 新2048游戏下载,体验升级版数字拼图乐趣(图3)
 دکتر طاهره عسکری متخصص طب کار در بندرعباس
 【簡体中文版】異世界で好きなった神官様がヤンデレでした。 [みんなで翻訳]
---
Retyping the data above exactly and in full is the task.

 新2048游戏下载,体验升级版数字拼图乐趣(图3)
 دکتر طاهره عسکری متخصص طب کار در بندرعباس
 【簡体中文版】異世界で好きなった神官様がヤンデレでした。 [みんなで翻訳]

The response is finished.